TASK GOAL: The records below hold a stretch from the line with "Madrid, İspanya - 7" through the line with "CAMICIA DALLA VESTIBILITÀ"; return exactly those lines, ends included, and nothing more.

+++++

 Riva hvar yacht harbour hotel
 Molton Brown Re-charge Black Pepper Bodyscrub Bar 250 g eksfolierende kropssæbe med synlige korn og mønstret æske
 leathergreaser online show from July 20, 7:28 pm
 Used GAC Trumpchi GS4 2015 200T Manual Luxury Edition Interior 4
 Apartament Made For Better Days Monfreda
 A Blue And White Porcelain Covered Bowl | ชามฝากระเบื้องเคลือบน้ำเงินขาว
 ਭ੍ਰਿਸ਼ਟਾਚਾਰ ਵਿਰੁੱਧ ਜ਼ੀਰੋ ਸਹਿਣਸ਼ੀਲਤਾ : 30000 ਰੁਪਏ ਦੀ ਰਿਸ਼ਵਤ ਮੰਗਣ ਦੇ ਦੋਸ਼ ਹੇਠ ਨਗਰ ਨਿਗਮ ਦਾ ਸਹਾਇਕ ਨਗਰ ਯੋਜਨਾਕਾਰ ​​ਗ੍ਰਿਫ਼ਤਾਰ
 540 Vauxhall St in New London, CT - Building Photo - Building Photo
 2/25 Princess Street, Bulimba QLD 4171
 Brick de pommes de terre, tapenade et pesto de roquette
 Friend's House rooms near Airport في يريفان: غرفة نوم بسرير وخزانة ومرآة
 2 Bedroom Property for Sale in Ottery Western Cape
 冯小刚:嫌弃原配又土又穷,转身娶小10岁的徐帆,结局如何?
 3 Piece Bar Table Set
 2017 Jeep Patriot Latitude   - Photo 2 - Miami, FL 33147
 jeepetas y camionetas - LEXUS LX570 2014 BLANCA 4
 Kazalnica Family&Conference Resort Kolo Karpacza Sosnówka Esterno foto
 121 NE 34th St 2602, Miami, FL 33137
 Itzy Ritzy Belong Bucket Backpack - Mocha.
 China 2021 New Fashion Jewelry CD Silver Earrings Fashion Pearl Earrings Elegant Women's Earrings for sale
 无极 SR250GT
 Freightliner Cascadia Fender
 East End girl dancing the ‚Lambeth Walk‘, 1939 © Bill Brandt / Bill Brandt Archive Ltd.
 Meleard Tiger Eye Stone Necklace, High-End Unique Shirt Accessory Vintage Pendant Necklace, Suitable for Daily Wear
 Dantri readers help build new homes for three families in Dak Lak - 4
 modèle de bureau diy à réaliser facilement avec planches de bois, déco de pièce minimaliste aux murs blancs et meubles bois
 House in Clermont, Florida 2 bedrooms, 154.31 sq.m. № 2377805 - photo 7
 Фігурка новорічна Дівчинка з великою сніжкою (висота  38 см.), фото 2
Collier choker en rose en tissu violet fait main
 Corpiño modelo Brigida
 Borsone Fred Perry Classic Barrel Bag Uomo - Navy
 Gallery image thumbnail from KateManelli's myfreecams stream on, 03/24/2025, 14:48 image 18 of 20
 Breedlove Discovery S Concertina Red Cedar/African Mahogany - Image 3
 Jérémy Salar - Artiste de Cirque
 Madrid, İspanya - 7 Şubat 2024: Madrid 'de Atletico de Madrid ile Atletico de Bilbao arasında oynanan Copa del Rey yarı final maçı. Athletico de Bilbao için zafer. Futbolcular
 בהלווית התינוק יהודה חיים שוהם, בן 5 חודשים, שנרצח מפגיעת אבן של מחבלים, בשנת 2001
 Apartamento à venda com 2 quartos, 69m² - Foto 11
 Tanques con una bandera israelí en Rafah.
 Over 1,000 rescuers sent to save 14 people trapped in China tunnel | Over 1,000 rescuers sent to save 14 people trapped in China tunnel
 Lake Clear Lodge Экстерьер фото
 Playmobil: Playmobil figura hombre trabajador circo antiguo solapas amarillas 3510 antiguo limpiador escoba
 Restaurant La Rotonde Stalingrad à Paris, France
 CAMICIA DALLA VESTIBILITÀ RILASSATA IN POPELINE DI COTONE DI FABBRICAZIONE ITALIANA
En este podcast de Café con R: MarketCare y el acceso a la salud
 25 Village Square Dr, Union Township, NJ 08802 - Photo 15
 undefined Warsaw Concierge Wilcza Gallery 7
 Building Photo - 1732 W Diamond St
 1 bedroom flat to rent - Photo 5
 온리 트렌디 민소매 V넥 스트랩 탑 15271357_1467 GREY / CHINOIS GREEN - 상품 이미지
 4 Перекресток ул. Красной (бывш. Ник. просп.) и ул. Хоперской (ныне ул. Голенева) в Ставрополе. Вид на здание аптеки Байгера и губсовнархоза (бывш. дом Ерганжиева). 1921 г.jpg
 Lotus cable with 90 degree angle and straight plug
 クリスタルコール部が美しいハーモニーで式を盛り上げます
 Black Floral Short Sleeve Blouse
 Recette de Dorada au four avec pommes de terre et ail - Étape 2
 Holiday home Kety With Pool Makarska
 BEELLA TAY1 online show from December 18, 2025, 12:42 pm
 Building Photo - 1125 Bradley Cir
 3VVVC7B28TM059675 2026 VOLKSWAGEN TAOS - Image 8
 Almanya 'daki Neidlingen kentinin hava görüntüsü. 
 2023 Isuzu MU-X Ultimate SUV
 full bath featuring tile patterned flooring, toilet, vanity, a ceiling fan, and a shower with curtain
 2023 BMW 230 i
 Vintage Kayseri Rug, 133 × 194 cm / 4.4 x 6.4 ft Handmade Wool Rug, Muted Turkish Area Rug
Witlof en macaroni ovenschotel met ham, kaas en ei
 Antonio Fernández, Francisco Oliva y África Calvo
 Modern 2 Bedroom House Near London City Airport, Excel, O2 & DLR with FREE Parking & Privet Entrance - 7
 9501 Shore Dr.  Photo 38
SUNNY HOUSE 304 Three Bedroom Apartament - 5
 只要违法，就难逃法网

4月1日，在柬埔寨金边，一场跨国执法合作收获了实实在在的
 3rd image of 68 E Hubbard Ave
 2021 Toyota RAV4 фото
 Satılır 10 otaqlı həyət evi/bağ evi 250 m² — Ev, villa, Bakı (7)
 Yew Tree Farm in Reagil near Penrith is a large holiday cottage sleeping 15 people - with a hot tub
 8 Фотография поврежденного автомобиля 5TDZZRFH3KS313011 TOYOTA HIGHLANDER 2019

+++++

TASK OUTPUT:
 Madrid, İspanya - 7 Şubat 2024: Madrid 'de Atletico de Madrid ile Atletico de Bilbao arasında oynanan Copa del Rey yarı final maçı. Athletico de Bilbao için zafer. Futbolcular
 בהלווית התינוק יהודה חיים שוהם, בן 5 חודשים, שנרצח מפגיעת אבן של מחבלים, בשנת 2001
 Apartamento à venda com 2 quartos, 69m² - Foto 11
 Tanques con una bandera israelí en Rafah.
 Over 1,000 rescuers sent to save 14 people trapped in China tunnel | Over 1,000 rescuers sent to save 14 people trapped in China tunnel
 Lake Clear Lodge Экстерьер фото
 Playmobil: Playmobil figura hombre trabajador circo antiguo solapas amarillas 3510 antiguo limpiador escoba
 Restaurant La Rotonde Stalingrad à Paris, France
 CAMICIA DALLA VESTIBILITÀ RILASSATA IN POPELINE DI COTONE DI FABBRICAZIONE ITALIANA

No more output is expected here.